Hop in the car to meet your lover for dinner and a flood of dopamine — the same hormone underlying cravings for sugar, nicotine and cocaine — likely infuses your brain’s reward center, motivating you to brave the traffic to keep that unique bond alive. But if that dinner is with a mere work acquaintance, that flood might look more like a trickle, suggests new research by CU Boulder neuroscientists.
“What we have found, essentially, is a biological signature of desire that helps us explain why we want to be with some people more than other people,” said senior author Zoe Donaldson, associate professor of behavioral neuroscience at CU Boulder.
The study, published Jan. 12 in the journal Current Biology, centers around prairie voles, which have the distinction of being among the 3% to 5% of mammals that form monogamous pair bonds.
Like humans, these fuzzy, wide-eyed rodents tend to couple up long-term, share a home, raise offspring together, and experience something akin to grief when they lose their partner.
By studying them, Donaldson seeks to gain new insight into what goes on inside the human brain to make intimate relationships possible and how we get over it, neurochemically speaking, when those bonds are severed.
The new study gets at both questions, showing for the first time that the neurotransmitter dopamine plays a critical role in keeping love alive.
“As humans, our entire social world is basically defined by different degrees of selective desire to interact with different people, whether it’s your romantic partner or your close friends,” said Donaldson. “This research suggests that certain people leave a unique chemical imprint on our brain that drives us to maintain these bonds over time.”

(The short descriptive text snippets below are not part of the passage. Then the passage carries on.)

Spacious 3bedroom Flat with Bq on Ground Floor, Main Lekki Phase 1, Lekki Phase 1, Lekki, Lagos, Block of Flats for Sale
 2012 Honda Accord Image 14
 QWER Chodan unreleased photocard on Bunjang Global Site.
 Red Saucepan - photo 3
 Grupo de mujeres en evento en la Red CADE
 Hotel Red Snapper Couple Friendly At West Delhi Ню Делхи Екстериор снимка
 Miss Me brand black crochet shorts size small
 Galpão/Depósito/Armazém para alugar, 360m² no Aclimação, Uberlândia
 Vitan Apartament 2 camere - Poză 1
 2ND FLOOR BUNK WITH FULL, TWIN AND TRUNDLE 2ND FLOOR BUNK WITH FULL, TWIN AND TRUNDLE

How love lights up the brain
For the study, Donaldson and her colleagues used state-of-the art neuroimaging technology to measure, in real time, what happens in the brain as a vole tries to get to its partner. In one scenario, the vole had to press a lever to open a door to the room where her partner was. In another, she had to climb over a fence for that reunion.
Meanwhile a tiny fiber-optic sensor tracked activity, millisecond by millisecond, in the animal’s nucleus accumbens, a brain region responsible for motivating humans to seek rewarding things, from water and food to drugs of abuse. (Human neuroimaging studies have shown it is the nucleus accumbens that lights up when we hold our partner’s hand.)
Each time the sensor detects a spurt of dopamine, it “lights up like a glow stick,” explained first-author Anne Pierce, who worked on the study as a graduate student in Donaldson’s lab. When the voles pushed the lever or climbed over the wall to see their life partner, the fiber “lit up like a rave,” she said. And the party continued as they snuggled and sniffed one another.
In contrast, when a random vole is on the other side of that door or wall, the glow stick dims. (In a previous study, when dopamine was diminished, she didn’t try as hard to reunite, either.)
“This suggests that not only is dopamine really important for motivating us to seek out our partner, but there’s actually more dopamine coursing through our reward center when we are with our partner than when we are with a stranger,” said Pierce.
Hope for the heartbroken
In another experiment, the vole couple was kept apart for four weeks — an eternity in the life of a rodent — and long enough for voles in the wild to find another partner.
When the couple was reunited, they remembered one another, but their signature dopamine surge had almost vanished. In essence, that fingerprint of desire was gone. As far as their brains were concerned, their former partner was indistinguishable from any other vole.
“We think of this as sort of a reset within the brain that allows the animal to now go on and potentially form a new bond,” Donaldson said.
This could be good news for humans who have undergone a painful breakup, or even lost a spouse, suggesting the brain has an inherent mechanism to protect us from endless unrequited love.
The authors stress that more research is necessary to determine how well results in voles translate to their bigger-brained, two-legged counterparts. But they believe their work could ultimately have important implications for people who either have trouble forming close relationships or those who struggle to get over loss — a condition known as prolonged grief disorder.
“The hope is that by understanding what healthy bonds look like within the brain, we can begin to identify new therapies to help the many people with mental illnesses that affect their social world,” said Donaldson.